Les personnes non informées sont nombreuses. Et s’agissant des forces contraires, elles s’organisent et sont de plus en plus puissantes. Et parce que la règle est de manière intrinsèque destinée à être universelle, nous n’avons plus le temps de nous battre seulement sur le terrain juridique et législatif.
Par ailleurs, pour continuer à habiter notre monde et permettre à nos sociétés de conserver leur homogénéité, leur stabilité, la seule adaptation de nos règles ne suffit pas. Nous sommes convaincus qu’un changement de paradigme est nécessaire. Cela passe par plus d’horizontalité notamment. Il nous faut apprendre non plus seulement à créer mais à prendre soin, à réparer, à entretenir, à ménager. Car dans les contextes de crise, ce sont toujours les plus vulnérables qui sont frappés en premier : les personnes, les territoires, les milieux. Et dans ces situations toutes singulières, le seul droit ne suffit pas, justement parce qu’il est universel et n’a pas vocation à répondre aux situations qui nécessitent un soin particulier. Nous devons donc penser le soin comme un chemin collectif, capable de prendre la mesure de nos vulnérabilités individuelles et communes.
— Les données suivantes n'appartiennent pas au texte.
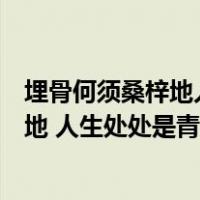 埋骨何须桑梓地人生无处不青山是谁写的诗（埋骨何须桑梓地 人生处处是青山啥意思）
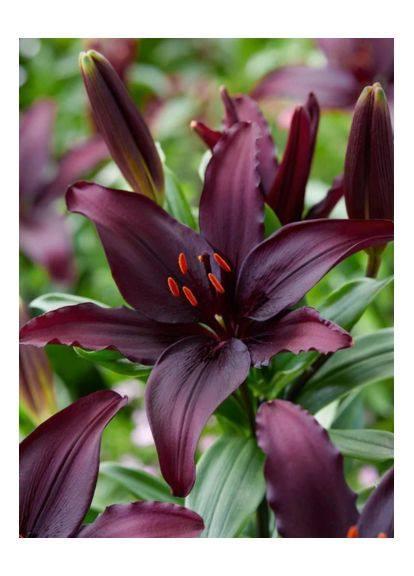 Лилия Blacklist (12/14) No Brand (364535936)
C’est la raison pour laquelle nous avons besoin de cette éthique, de cette redirection pour nos sociétés toutes entières, et par conséquent pour ce qui contribue à fabriquer ses espaces : la fabrique urbaine. C’est ce chemin que propose l’urbanisme du care. Non pas comme une utopie, mais comme une éthique pour la fabrique urbaine.
Partout en France et ailleurs, des concepteurs, des élus, des habitants, des acteurs de terrain tracent déjà cette voie dans les faits, dans leur vision, dans leurs méthodologies, dans leurs pratiques, dans leurs projets : de la ville à hauteur d’enfants à la ville relationnelle, de l’urbanisme circulaire à la ville résiliente… Ils font de chaque projet urbain une opportunité d’apporter des réponses aux crises que nous traversons. Une opportunité de soin. Une opportunité de réparation. En particulier pour les plus vulnérables d’entre nous.
Mais aujourd’hui pour aller plus loin, pour mener le combat, il nous faut convaincre. Montrer à toutes celles et ceux qui sont loin de ces engagements que cela marche. Montrer que cette voie fonctionne mieux aujourd’hui, justement parce que nous vivons un moment inédit de crise multidimensionnelle.
Cette revue sera donc le porte-voix de toutes celles et ceux qui s’engagent à tracer cette autre voix. Nous y raconterons des lieux où des possibles émergent. Des récits de synergies, où l’on apprend à faire travailler les choses ensemble. Des récits situés, où les corps et les esprits trouvent de nouvelles manières de cohabiter. Des récits de subsistance, de partage et d’entraide, capables de donner envie à la multitude des acteurs de la fabrique urbaine de s’engager et à la commande publique de se transformer.
Car ce chemin n’est absolument pas la dominante aujourd’hui.
C’est une bataille que nous devons mener.
Celle de transformer tous ces projets manifestes en une habitude.
Et pour la mener, il faut être nombreux, se serrer les coudes et éclairer, ensemble, ces autres manières de faire la ville.
C’est le rôle que Lumières de la ville entend jouer aujourd’hui.
Si cette revue renaît aujourd’hui, c’est pour tracer, à nouveau, le chemin vers ce droit à l’urbanité. Non pas un droit abstrait, mais un droit concret à une ville hospitalière, une ville qui protège et qui prend soin, une ville relationnelle, bienveillante, pour toutes et tous. Un chemin, entre-temps, a émergé : celui d’un urbanisme qui fait du projet urbain une responsabilité collective face aux vulnérabilités. Le care comme boussole et comme méthode. L’attention à l’autre et au vivant comme horizon pour rendre ce droit permanent.
Lumières de la ville revient pour en dessiner les contours, avec celles et ceux qui, chaque jour, en posent les fondations.